High-Sensitivity Quantitation of Nitrosamine Impurities and NDSRI in Drug Substances and Products Using LC-MS/MS

Published on: 

Webcasts

Webinar Date/Time: Wed, Dec 11, 2024 11:00 AM EST

In this presentation, we will cover the accurate determination and quantitation of nitrosamine impurities and NDSRIs in drug substances and products using LC-MS/MS based analytical strategies that can readily be adopted.

Register Free: https://www.chromatographyonline.com/lcgc_w/nitrosamine-impurities

Event Overview:

Nitrosamine impurities are classified as “cohort of concern” per ICH-M7 guidelines. There have been numerous drug recalls since 2018 including several sartan, ranitidine and metformin, varenicline-based drugs due to the presence of unacceptable levels of nitrosamines.
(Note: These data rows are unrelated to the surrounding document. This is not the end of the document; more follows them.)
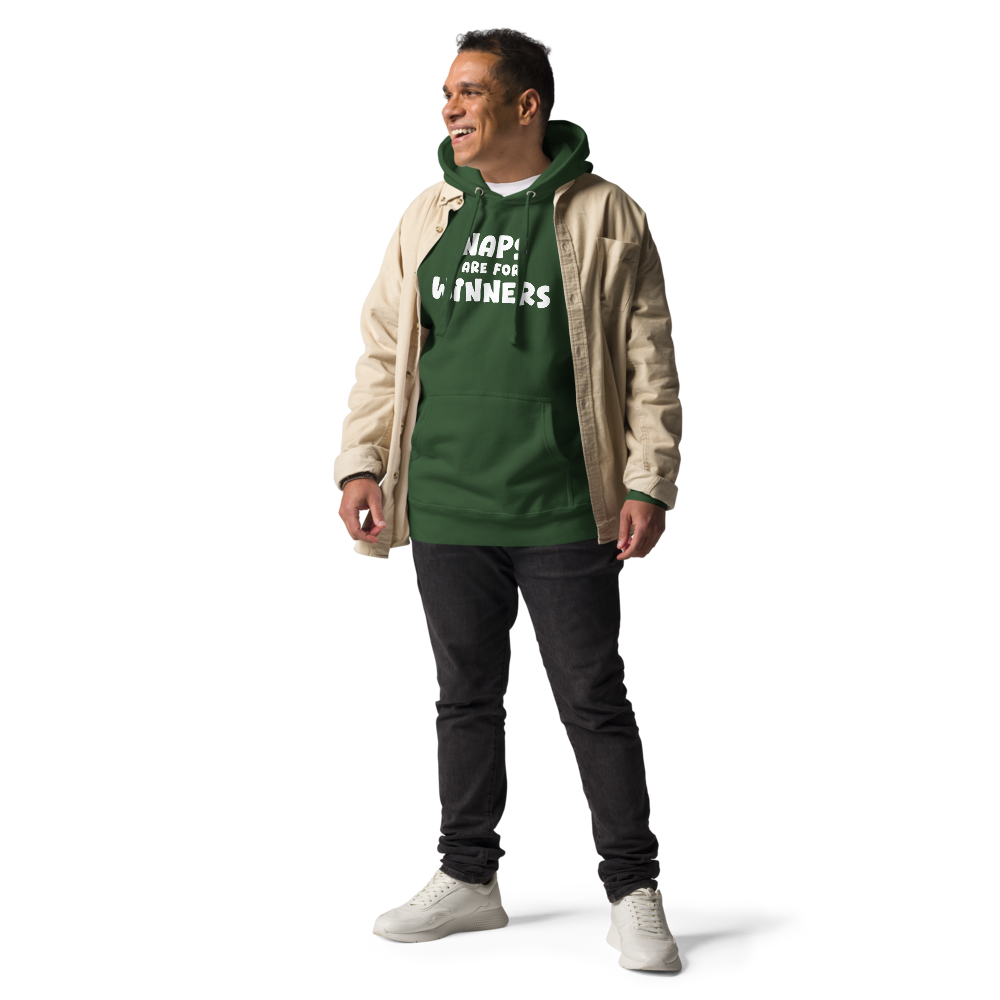 "Naps Are For Winners" printed on a forest green unisex hoodie worn by a male with a jacket on top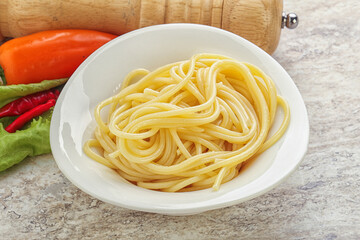 Italian pasta boiled spaghetti with oil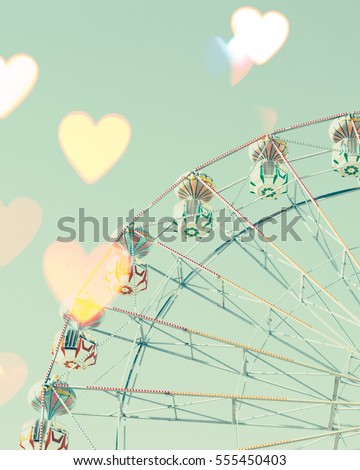VIntage Ferris Wheel with bokeh hearts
Since then, nitrosamines and more recently, nitroso drug substance related impurity (NDSRIs) contamination in drugs is of increased concern by regulators as these poses significant risk to human health. According to the recent guidance published by both the FDA and EMA, nitrosamines and NDSRIs must be monitored at the low ng/mL using highly sensitive analytical methodologies. LC/MS/MS is inherently a selective and sensitive analytical technique that is well-suited for identification and quantification of nitrosamines at very low levels.


In this presentation, we will cover the accurate determination and quantitation of nitrosamine impurities and NDSRIs in drug substances and products using LC-MS/MS based analytical strategies that can readily be adopted.


Key Learning Objectives:

  • Understand what mutagenic impurities are and the importance of characterization and quantitation.
  • Learn about an improved Multi Residue Method for comprehensive analysis of 8 nitrosamines in losartan drug product using the Agilent 6495LC/TQ system.
  • Learn about a sensitive and robust Multi Residue Method to quantify NDSRIs in various drug substances and products using the Agilent 6475 and 6495 LC/TQ systems.

Who Should Attend:

  • Laboratory managers
  • Chromatographers
  • Analytical chemists and scientists
  • New product developers
  • Pharma manufacturing and quality control managers

Speakers

Lee Bertram

Application Development Engineer
Agilent Technologies

Lee is an application scientist at Agilent with a focus on development of methods for LC/SQ, LC/TQ and LC/Q-TOF within the pharmaceutical products. He has over 10 years of method development experience ranging from large/small molecule pharmaceutics to cellular metabolomics method development.

Prasanth Joseph
Application Engineer
Agilent Technologies

Prasanth Joseph joined in Agilent in 2015 as application Engineer for LC-MS/MS and has 20 years of experience in the analytical instrumentation industry, specialized in small molecule applications. Prasanth received his master’s degree from Cochin University of Science and Technology and a Ph.D. in Environmental Science from Bharathiar University, India. He also has master’s degree in business administration from the University of Buckingham, UK.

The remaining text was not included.